Why the CME shutting down floor trading matters

Post on: 19 Июнь, 2015 No Comment

Why the CME shutting down floor trading matters

Tim Boyle | Bloomberg | Getty Images

Traders work in trading floor of the CME Group's Chicago Board of Trade in Chicago.

The Chicago futures trading pits will soon be a thing of the past.

The decision by CME Group will end a 167-year era when it goes into effect in July. Despite bringing closure on the Wild West arm of Wall Street, where shouting matches and even physical altercations accompanied fortunes being won and lost, the move to fully electronic trading could have real implications for trading in everything from grain to gold.

CME, the world’s largest futures market, is closing the open outcry pits for futures on its NYMEX property in New York as well. The options pits on both floors, where much of the manpower and activity gravitated, will remain open for now.

The first line in the CME’s announcement Wednesday points out that open outcry had fallen to just 1 percent of the firm’s total futures volume.

But while their volume dried up, the mere presence of traders on the floor still helped keep trading orderly, current and former pit traders said. The transition to completely electronic will open a small window for computer trading wielded by hedge funds and high-frequency trading firms to be used for some questionable activity, they said.

At the very least it could lead to more volatility in futures contracts for later months, where volume is typically thin.

The real issue will be the manipulation of the back-month spread market, said David Greenberg, a former board member at the New York Mercantile Exchange who’s lectured about the positives and negatives of electronic trading to business schools. Without those traders and the floor settlement committee, who really understand the spread market in the metals and energy markets, it opens the door for traders from large companies to settle the market by introducing a large order in the electronic market to paint the tape.

Open outcry trading, depicted in such movies as Trading Places and Ferris Bueller’s Day Off, is simply defined as buying and selling using hand and vocal signals in person. What Greenberg speaks to is how that face-to-face, albeit slower, trading interaction served as a self-policing mechanism.

How far back does this kind of trading go? The predecessor of the CME Group, the Chicago Board of Trade, was formed in 1848 on South Water Street in Chicago, according to CME’s website. The New York Butter, Cheese and Egg Exchange, which would later become the NYMEX, started in New York in 1882.
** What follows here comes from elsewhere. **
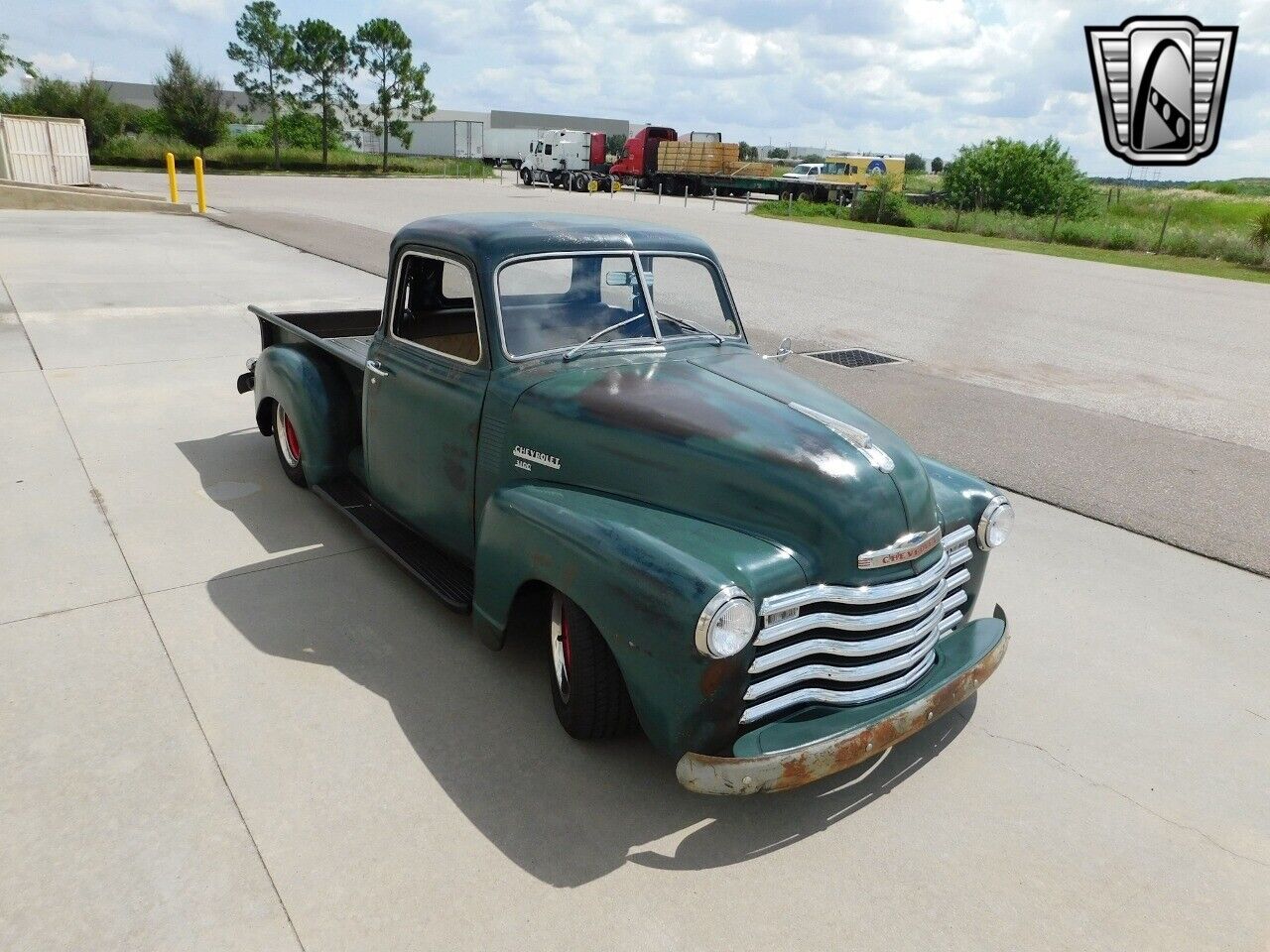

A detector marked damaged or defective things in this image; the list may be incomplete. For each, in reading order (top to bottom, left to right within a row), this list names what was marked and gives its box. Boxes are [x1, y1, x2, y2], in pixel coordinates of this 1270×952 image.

rusty bumper [681, 604, 1005, 796] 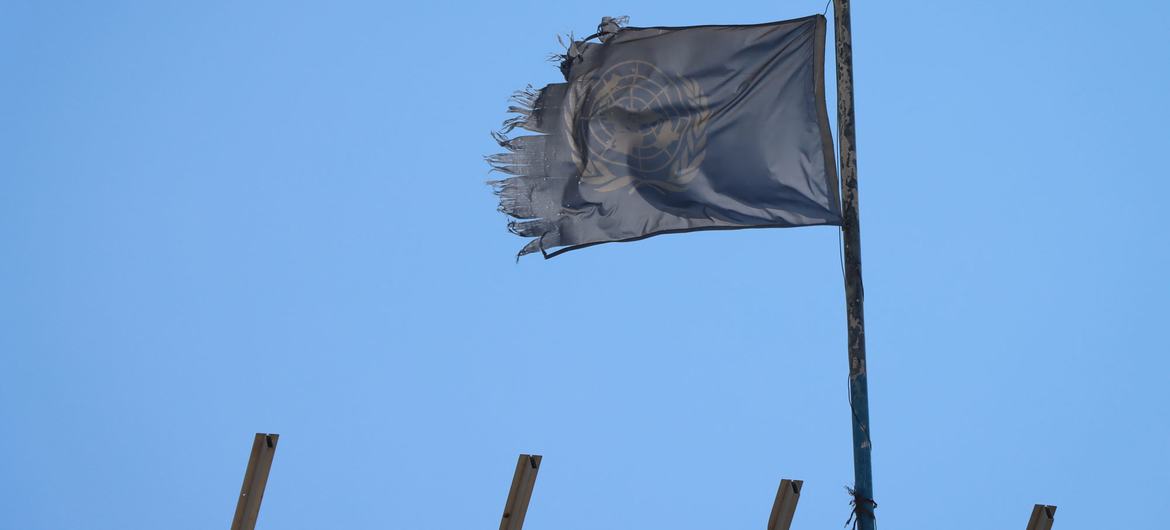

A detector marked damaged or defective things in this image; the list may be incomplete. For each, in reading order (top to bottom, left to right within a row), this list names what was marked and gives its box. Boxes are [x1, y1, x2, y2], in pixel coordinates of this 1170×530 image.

The beginning of the end appears to be when the CME first went public in 2002. The NYMEX had its IPO in 2006. Many traders feel this is when the formerly member-owned partnerships started to favor profits over orderly markets.

After some pits being open for 167 years, the paramount focus became more volume for more revenue, said one current CME trader, who wanted to remain anonymous because he is still working at the CME.

It’s been a long time coming, said Greenberg, who was a board member when the NYMEX went public. They only kept the NYMEX floor open due to the contract that was signed in the (CME) takeover.

The New York Stock Exchange, which is owned by the Intercontinental Exchange, still has open outcry trading of equities, but every few months executives are asked to deny media reports of a floor closing or sale of the Big Board.

The latest denial came from NYSE President Thomas Farley on Jan. 23, when he told CNBC, We’re very committed to the New York Stock Exchange business. It’s doing great. And we’re very committed to the floor also.

In 2015, open outcry trading’s decent became even more rapid, perhaps forcing the CME’s hand in making Wednesday’s announcement.

For example, just 38,304 gold futures contracts changed hands in person in the Comex pits in January, down 29 percent from the same month a year ago, according to the CME. Meanwhile electronic trading in gold in January was up by more than 20 percent.

Open outcry options trading is holding its own, however. For example, pit trading for 10-year Treasury note options rose 17 percent this January year over year to 3.7 million. That almost kept pace with the 22 percent gain in electronic trading of the same option contracts.

But besides the trading implications, there’s a human side to this story. Many former traders interviewed for this article spoke about how the trading pits were a way for those with blue-collar backgrounds to claw their way into finance alongside their Ivy League pedigreed peers.

The Chicago floors were unique social environments that I treasured, said Donald Luskin, who traded on the Chicago Board of Exchange in the early-1980s and would go on to become a respected and veteran investment officer with Wells Fargo and BlackRock. They were ladders of opportunity through which completely noncredentialed new entrants could get up close and personal with high finance.

CME said in its statement about the closing that it will make every attempt to make booth space available to those who want to trade electronically from the floors.

The exchange also said open outcry trading of S&P 500 futures will continue on its Chicago floor. Floor trading in those contracts fell just 3 percent last month, according to the exchange.

Like Luskin, many current and former members lamented the gritty environment of the floor that built not only careers, but life skills.

Everyone there is trying to take advantage of everyone else. It is dog eat dog. Yet the acts of kindness and friendship and generosity that emerge from the combat create a kind of camaraderie I’ve never experienced anywhere else, said Luskin, who is chief investment officer at his own firm, Trend Macrolytics.

The CME is expected to address the shutdown more in depth on its earnings call after the bell Thursday.